Error when compile cuda with ptx instruction 'ldmatrix' and 'mma'

I got error from the following code when I intended to use ldmatrix and mma instruction. PTX Docu says that 'ldmatrix' is introduced in PTX 6.5. So I doubt the the PTX version could be one reason. I'd like to know how do we find out which PTX version are we using? What other possibilities could be the reason for those errors?

    __device__ void
    runldmatrix(typet & D, unsigned addr){
      #if (defined(__CUDA_ARCH__) && (__CUDA_ARCH__ >= 750))
        int x, y, z, w;            
        asm volatile (
          "ldmatrix.sync.aligned.x4.m8n8.shared.b16 {%0, %1, %2, %3}, [%4];" 
          : "=r"(x), "=r"(y), "=r"(z), "=r"(w) 
          : "r"(addr));             
        reinterpret_cast<int4 &>(D) = make_int4(x, y, z, w);
      #else
        assert(0);
      #endif
    }

    __device__  void
    runmma(typet & d, typet const & a, 
                typet  const & b,typet const & c ){
                  
#if (defined(__CUDA_ARCH__) && (__CUDA_ARCH__ >= 750))                  
        unsigned const *A = reinterpret_cast<unsigned const *>(&a);
        unsigned const & B = reinterpret_cast<unsigned const &>(b);
        unsigned const *C = reinterpret_cast<unsigned const *>(&c);
        unsigned *D = reinterpret_cast<unsigned *>(&d);
        
          asm volatile(
              "mma.sync.aligned.m16n8k8.row.col.f16.f16.f16.f16 {%0,%1}, {%2,%3}, {%4}, {%5,%6};\n"
              : "=r"(D[0]), "=r"(D[1])
              : "r"(A[0]), "r"(A[1]), "r"(B), "r"(C[0]), "r"(C[1]));
#endif    
    }

/tmp/tmpxft_00002eb6_00000000-5_test_gemm.ptx, line 2637; error : Unknown modifier '.x4' ptxas

/tmp/tmpxft_00002eb6_00000000-5_test_gemm.ptx, line 2637; error : Unknown modifier '.m8n8' ptxas

/tmp/tmpxft_00002eb6_00000000-5_test_gemm.ptx, line 2637; error : Not a name of any known instruction: 'ldmatrix'

ptxas /tmp/tmpxft_000

02ee1_00000000-5_test_gemm.ptx, line 2611; error : Unknown modifier '.m16n8k8' ptxas /tmp/tmpxft_00002ee1_00000000-5_test_gemm.ptx, line 2611; error : Shape modifier required for instruction 'mma'

update:

I'm using 2080 Ti with CUDA 10.1, with the following cmake to ensure the computation ability of 7.5

cmake_minimum_required(VERSION 3.18)
project(Hello)
enable_language(CUDA)

add_executable(gunne test_gemm.cu)
target_include_directories(gunne PRIVATE include)
set_property(TARGET gunne PROPERTY CUDA_ARCHITECTURES 75)

Solution

Docu says that 'ldmatrix' is introduced in PTX 6.5. So I doubt the the PTX version could be one reason.

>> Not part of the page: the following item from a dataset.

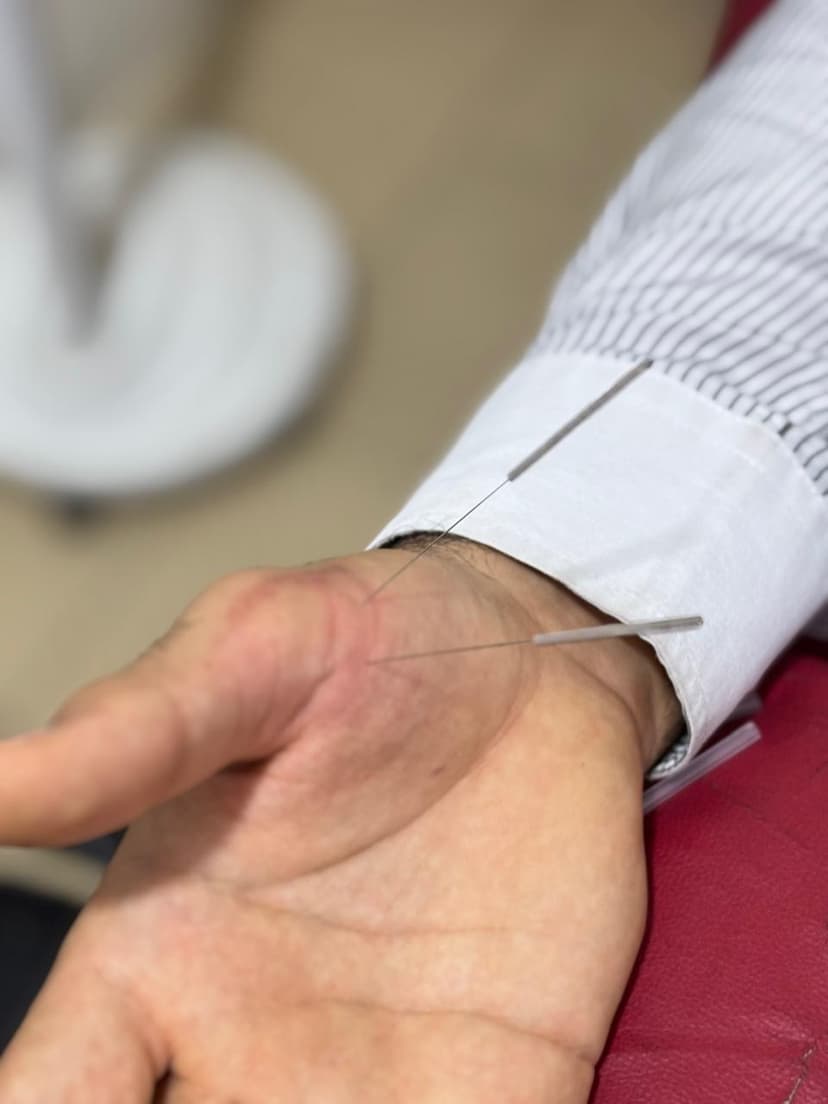 Acupuncture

What other possibilities could be the reason for those errors?

Actually, that is the reason. CUDA 10.1 (the most recent version of it) included PTX version 6.4.

If you search the PTX manual that shipped with that version of CUDA, there is no ldmatrix instruction.

Furthermore, if we look at the relevant section we observe that there is no m16n8k8 variant in that PTX version, for the mma.sync.aligned instruction.

It seems that all of your compile errors collapse down to these issues. When I provide a definition for typet (and #include <cassert>) the code will compile for me on e.g. CUDA 11.4

I'd like to know how do we find out which PTX version are we using?

I can think of at least a couple ways, there are probably others.

An "offline" method is: Assuming you are using a CUDA Version of 8.0 or newer, go to the cuda docs page, select the PTX manual, then notice at the top the notation:

PTX ISA (PDF) - v11.5.1 (older)

Click the older link, and it will take you to a page where you can select the versioned online documentation that corresponds to your CUDA version. Then select the PTX manual there, and it will indicate what version it is for.

An alternative method would be to compile any CUDA code using your toolchain to PTX (e.g. nvcc my_kernel_code.cu --ptx and study the resultant ptx file. Near the top it will have a notation like:

.version 7.4

This will tell you the PTX version your toolchain is generating.

I'm not suggesting your code is otherwise correct, merely that it can/will compile when using a suitable toolchain. You haven't provided a complete code, nor stated your intent, so I see no real point in going beyond this, but the usage of int variables with the .b16 instruction doesn't make much sense to me. It appears to compile, however.